The authorities would probably like to see the stock market stabilize on a
permanently high plateau, but speculations fuelled by moral hazard are
dynamic systems that tend to go parabolic and then crash. Stresses are
already showing up in the credit markets: despite 250 basis points of ease
since the beginning of the year, bond yields have risen some 50 basis
points from levels prevailing at the beginning of this year. Even the
statistical sleight-of-hand that constitutes the current measure of
consumer price inflation is at a nine-year high and the GDP implicit price
deflator is at a five-year peak. The credit markets clearly recognise the
nature of Greenspan’s reckless game even if equity investors do not as
yet. There is also growing evidence that the declines sustained thus far in
the tech-laden NASDAQ and overall sideways action of the Dow Jones is
in fact causing the more risk averse household investors who invest
primarily through mutual funds to revise downward their expectations for
future returns to stocks and raise their preference for liquid assets. The
past few months have seen fund outflows for the first time in years.

In purely speculative markets past returns determine expected future
returns. What one does not know is the time lag between changes in past
performance and changes in expected future returns. Because of the deep
societal support for stock speculation and the apparent "professional"
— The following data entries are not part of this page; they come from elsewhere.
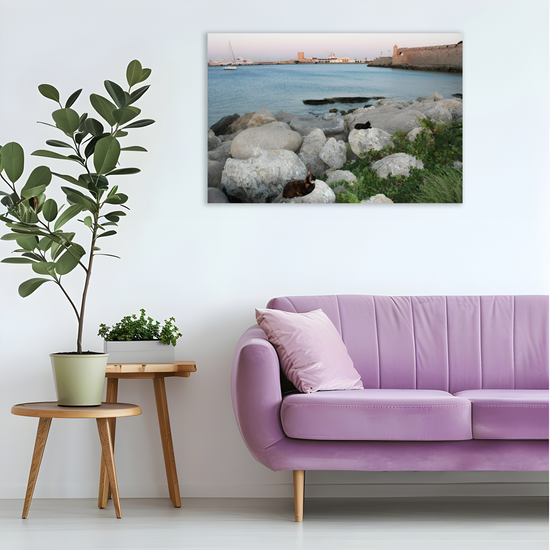 Canvas Art. Grecian Landmarks & Seascapes. Mandraki Harbour. Rhodes. Greece.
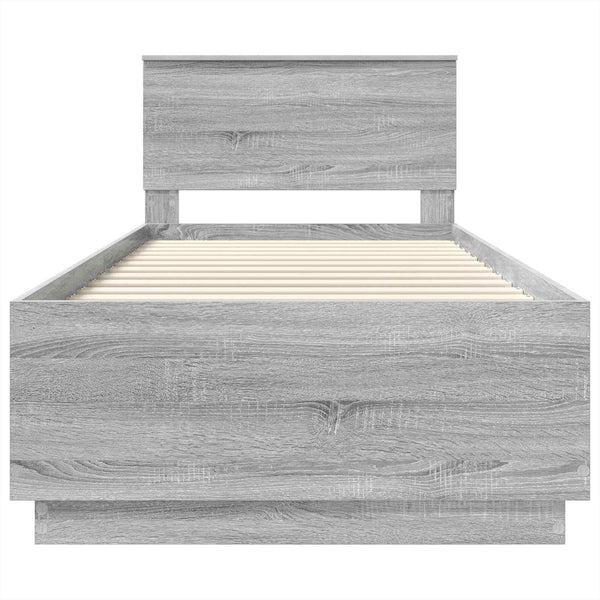 vidaXL Bed Frame with Headboard Gray Sonoma 70 x 190 cm Engineered Wood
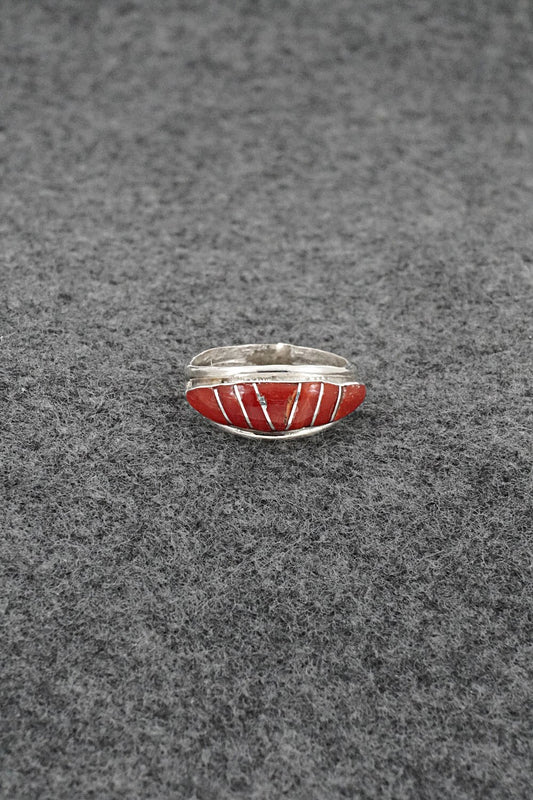 Coral & Sterling Silver Inlay Ring - Ola Eriacho - Size 5.5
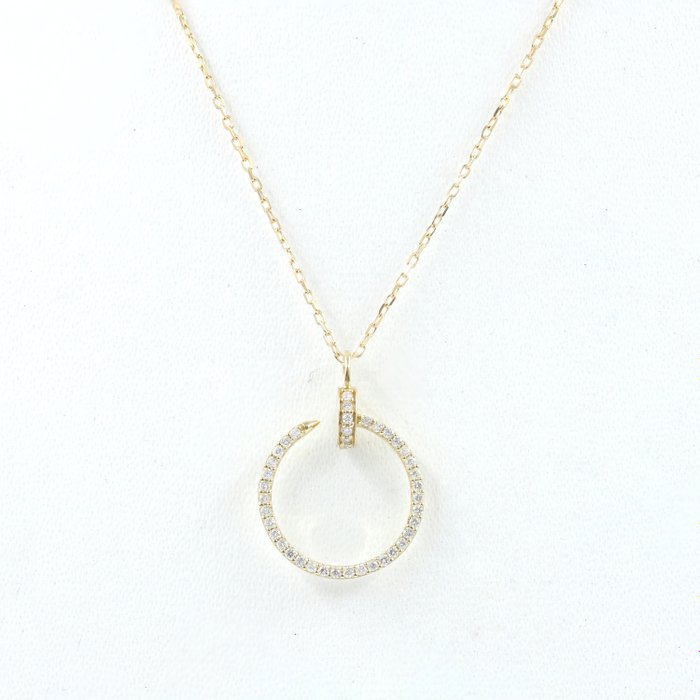 Necklace with pendant - 14 kt. Yellow gold -  0.24ct. tw. Diamond  (Natural)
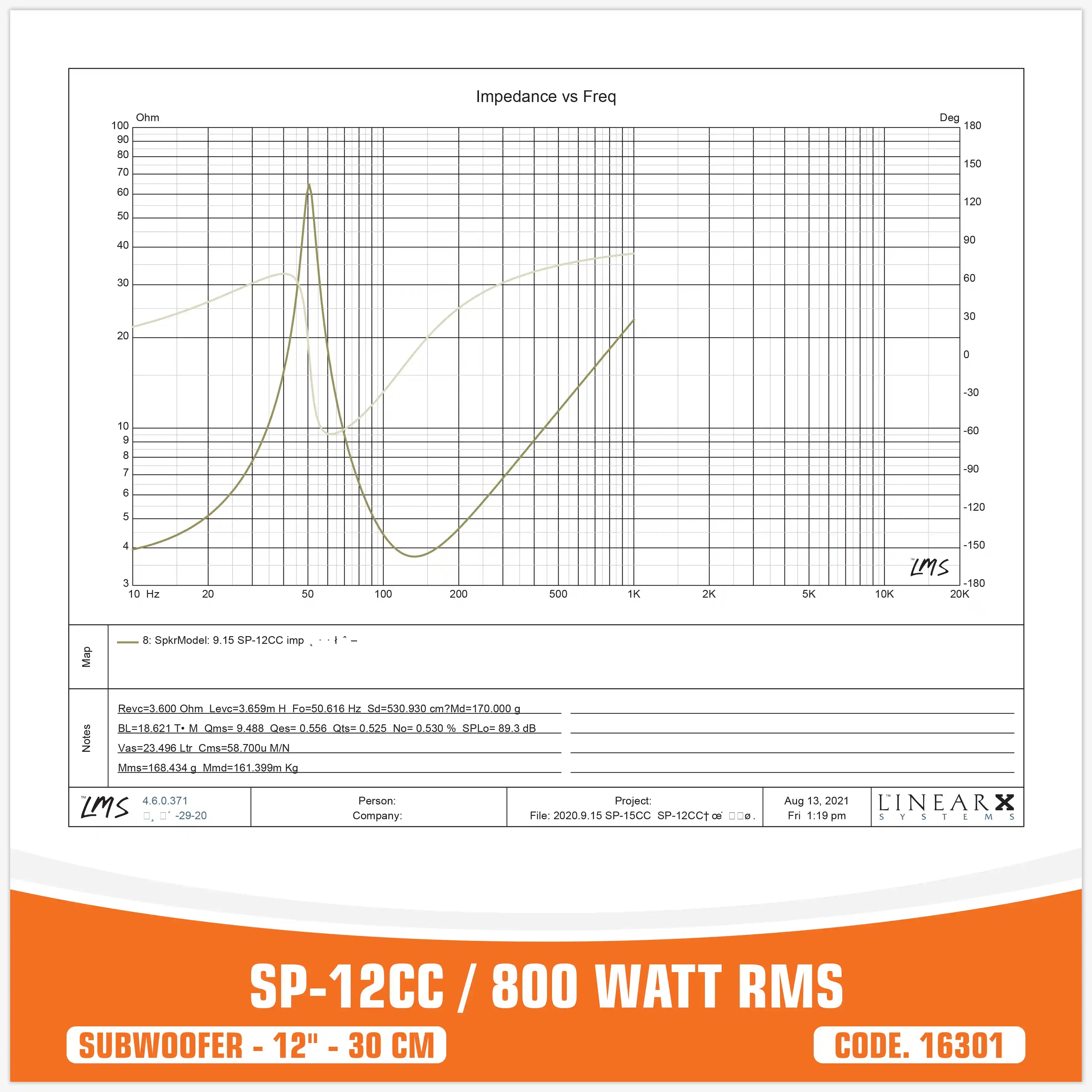 SP 12CC SUBWOOFER 12"/30CM 800WATT RMS (PREZZO UNITARIO)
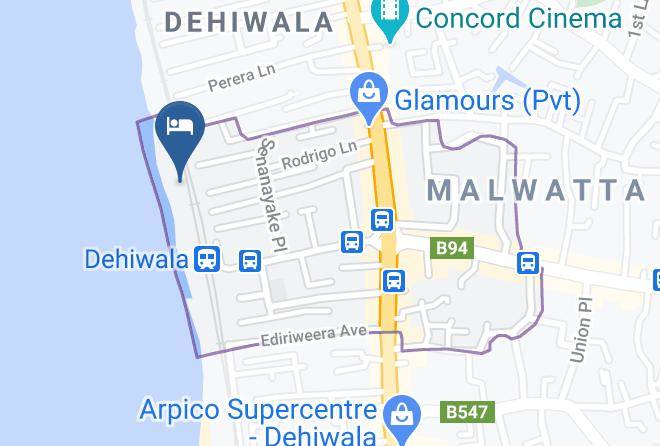 Colombo - Gihans' Beach View Resort Maps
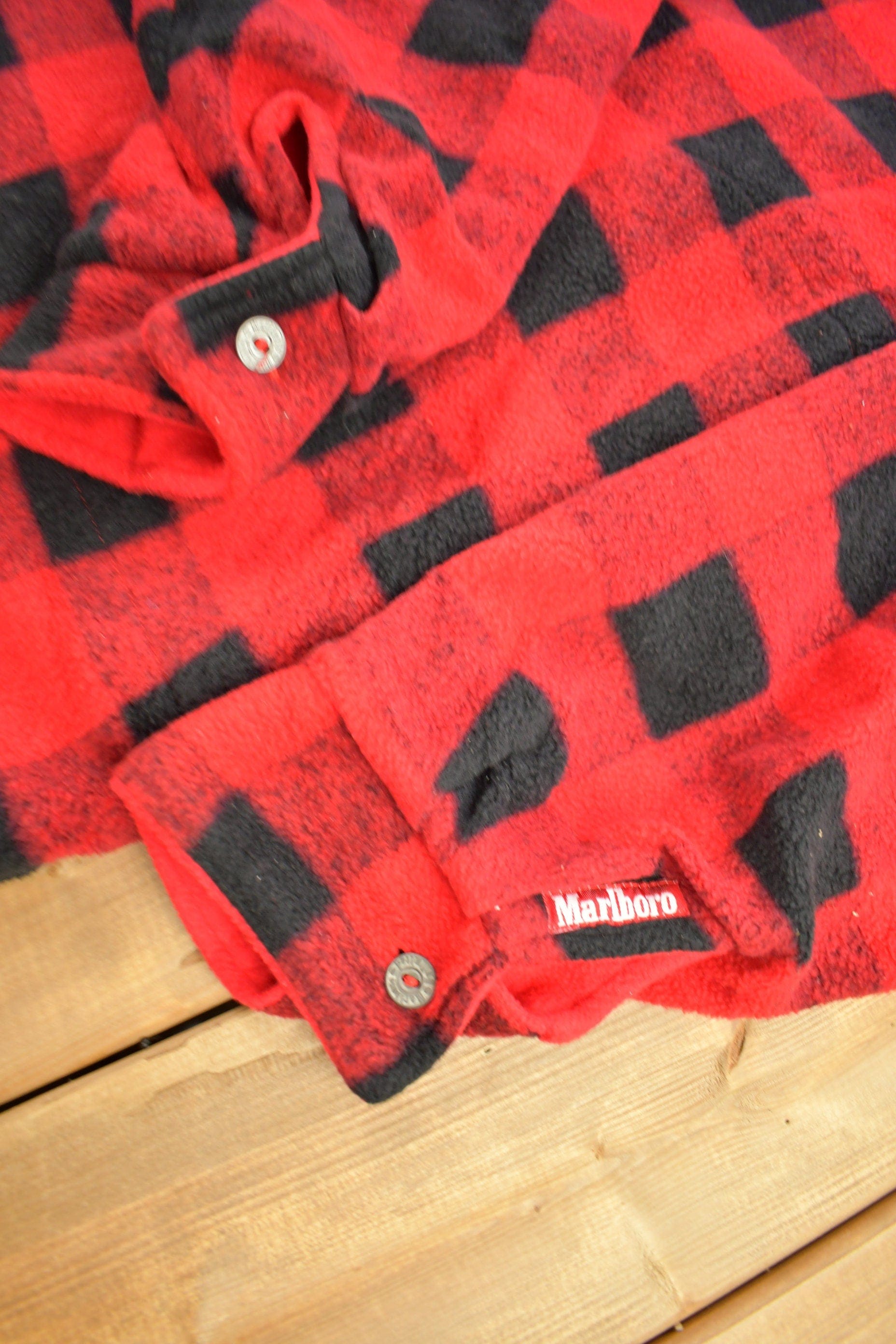Vintage 1980s Marlboro Unlimited Reversible Quarter Zip Fleece Sweater Men's Large from propervintagecanada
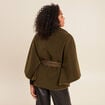 Poncho boutonn&eacute; ceintur&eacute; vert kaki femme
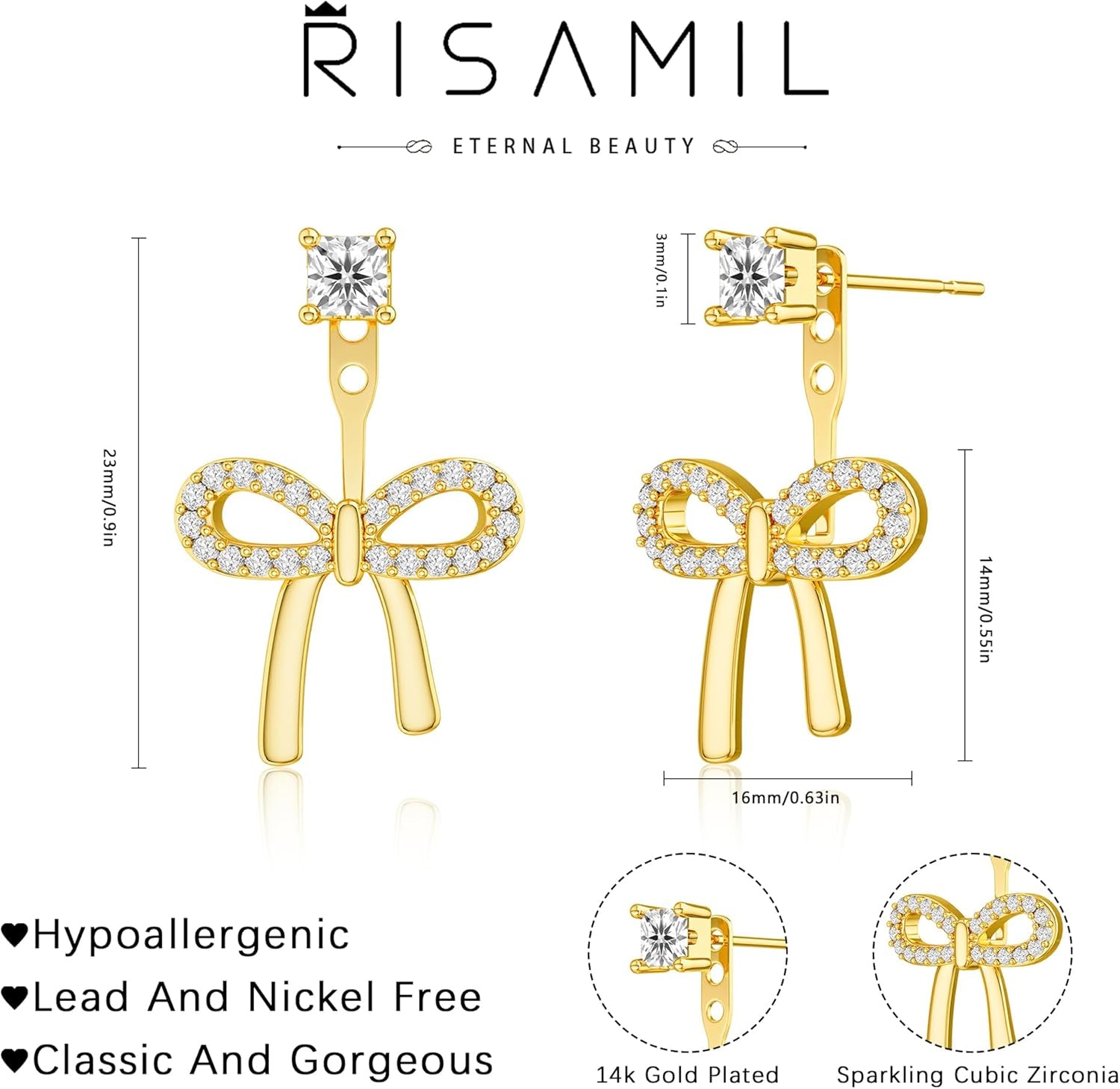 Risamil 14K Gold Plated/Silver Earrings for Women Trendy, Dainty Bow Earrings for Women Cute Pearl Huggie Earring Hoops Twist Rope Bow Stud Pearl Dangle Cubic Zirconia Earrings Jewelry Gifts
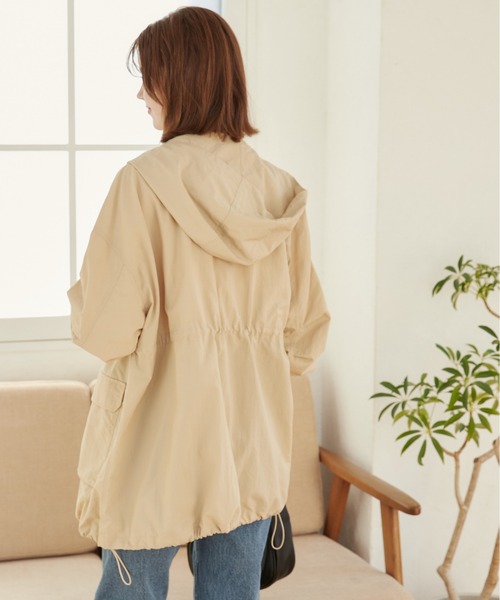 ANGIE（アンジー）の「ナイロン ミドル マウンテンパーカー（マウンテンパーカー・レディース・ベージュ/アイボリー/カーキ/ブラック・FREE）」の7枚目の写真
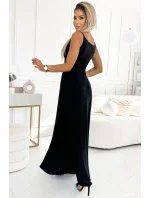 299-18 CHIARA elegantné maxi dlhé šaty bez ramienok - ČIERNE S BROKEROM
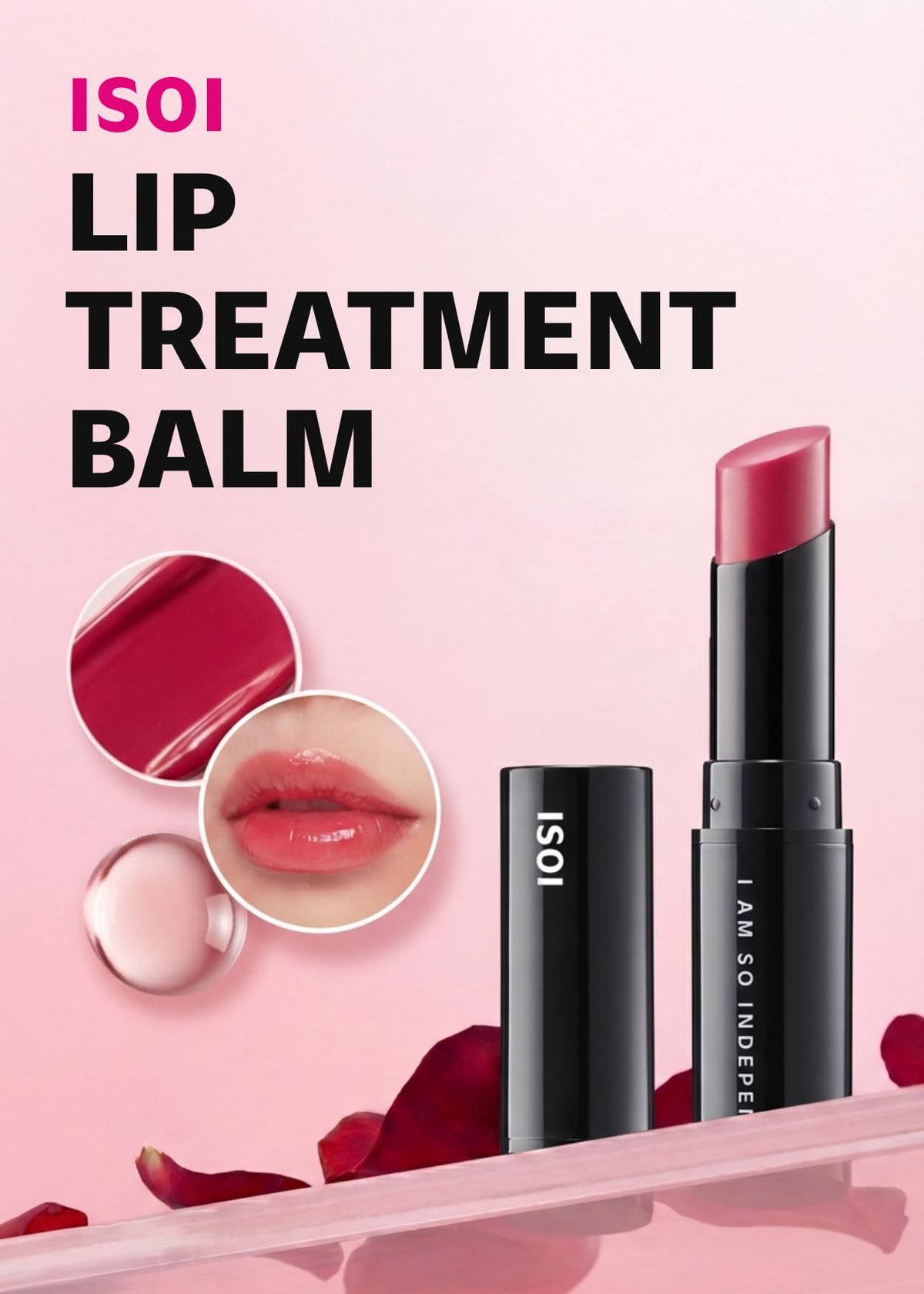 ISOI lip balm provides subtle berry-rose tint for a natural, fresh look.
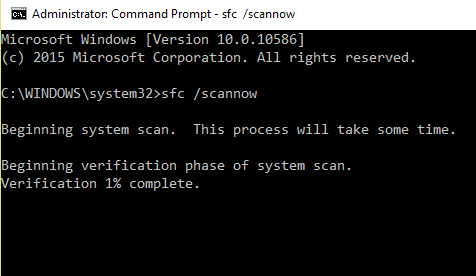 Wait for the system file scan to complete
If any corrupted files are found, the system will attempt to repair them
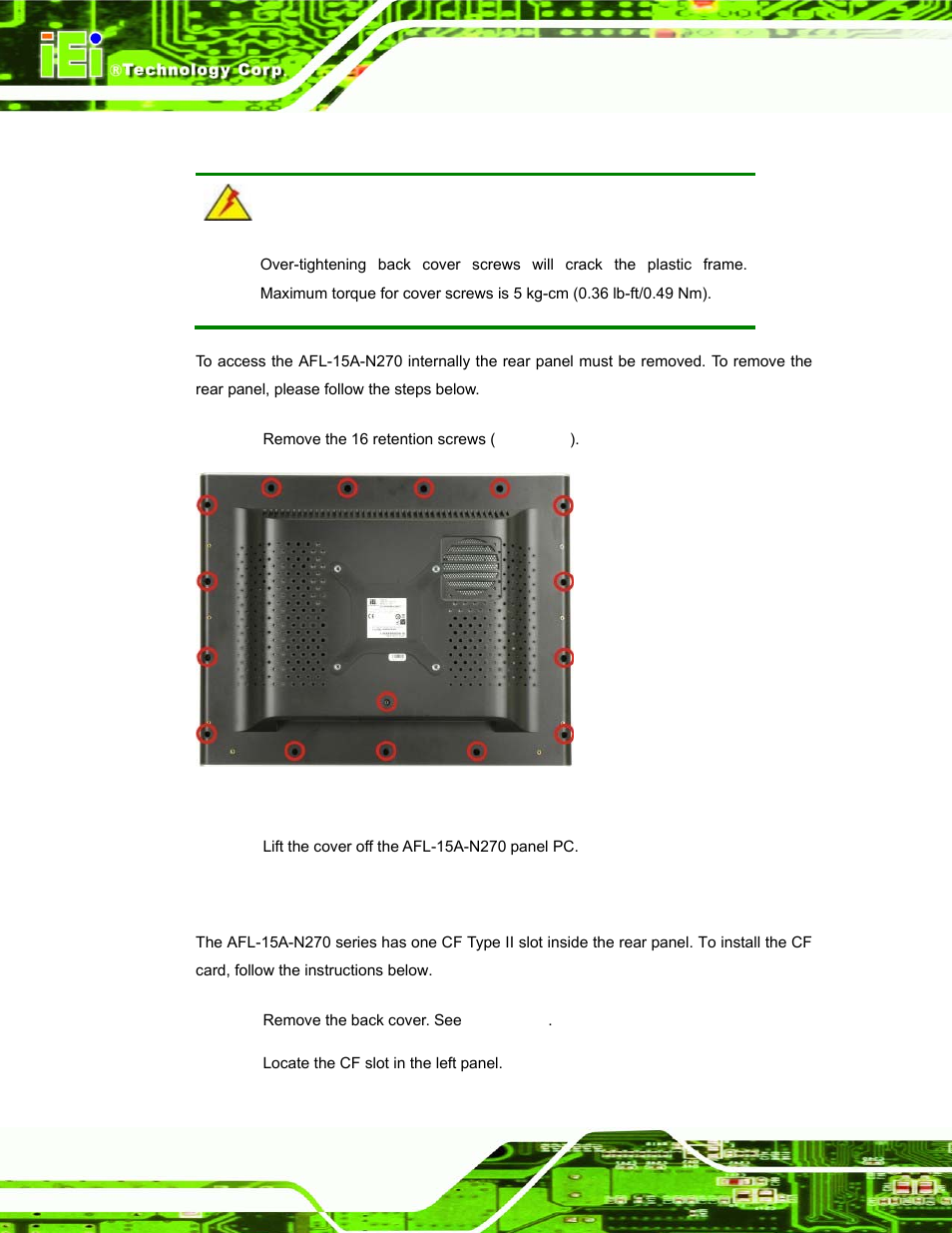 5 removing the rear panel, 6 cf card installation, Emoving the | Anel, Nstallation, Figure 4-1: back cover retention screws | IEI Integration AFL-15A-N270 v1.03 User Manual | Page 40 / 159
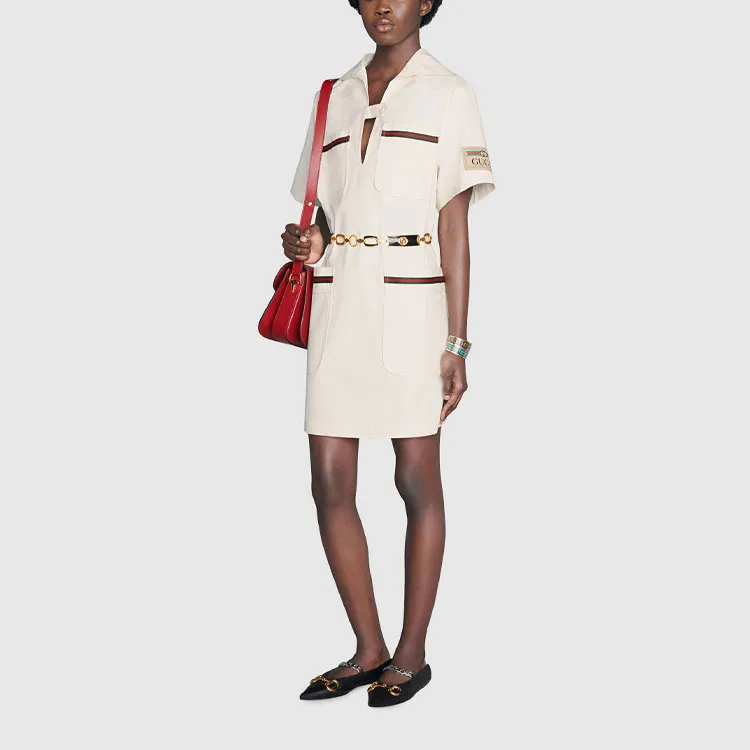 GUCCI Web stripe Trim Jersey Dress-3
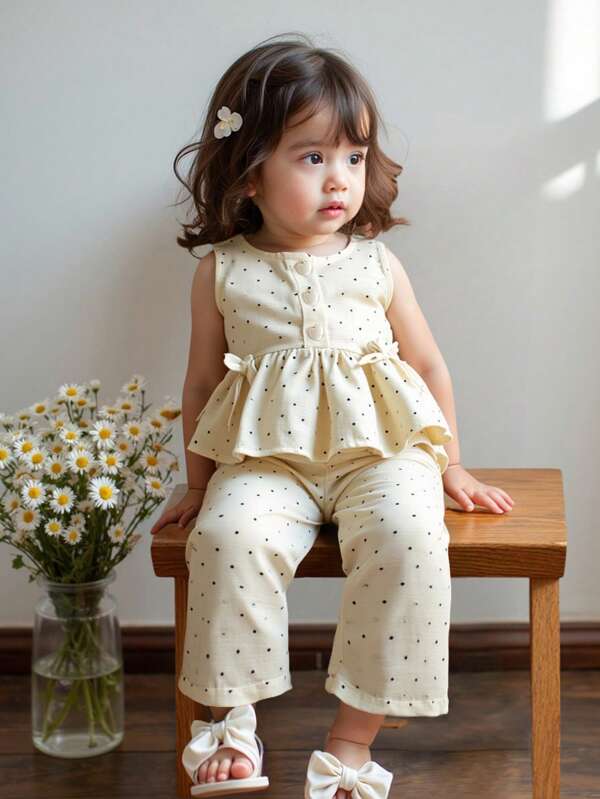 SHEIN LMoss Kids Babygirl Casual Cute Summer Polka Dot Sleeveless Top And Elastic Waist Pants Set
nature of the mutual fund management of household commitments to
equities, after an almost two decade long bull market one could presume
that household expectations regarding expected future returns to stocks
would fall fairly slowly, which helps to explain the persistently positive
sentiment readings one observes, despite the massive carnage sustained
in most portfolios since the beginning of the year. This suggests that the
recent rebound in the US stock market despite profit erosion and still high
risk spreads in credit markets is attributable to a long lag between
decelerating stock prices and eventual downward revisions to expected
future returns. But the Fed apparently believes that it cannot afford to
allow such expectations to ratchet downward as this might trigger the
crash dynamics that would destroy consumption, and eliminate the last
underpinnings for the economy as a whole. Which at least provides some
rationale for the Fed’s persistent, albeit misguided, targeting of stock
prices. They seem to operate as if shifting stock prices higher will help to
buttress consumption, investment and corporate profitability, by elevating
expectations, rather than adopting policies to alleviate current imbalances
in the real economy, the correction of which would ultimately allow for a
more sustainable rise in stock prices. But even though the Fed has gone
through Alice's looking glass, leaving the familiar world behind, it does
not follow that we have to go along blindly, seduced by the notion of not
fighting this supposedly omniscient, "market-neutral" institution. To
simply follow Alan Greenspan along unquestioningly might ultimately
leave investors in a position comparable to the rats and children who
merrily followed Browning’s Pied Piper out of the village of Hamelin and
off a cliff, never to be seen again.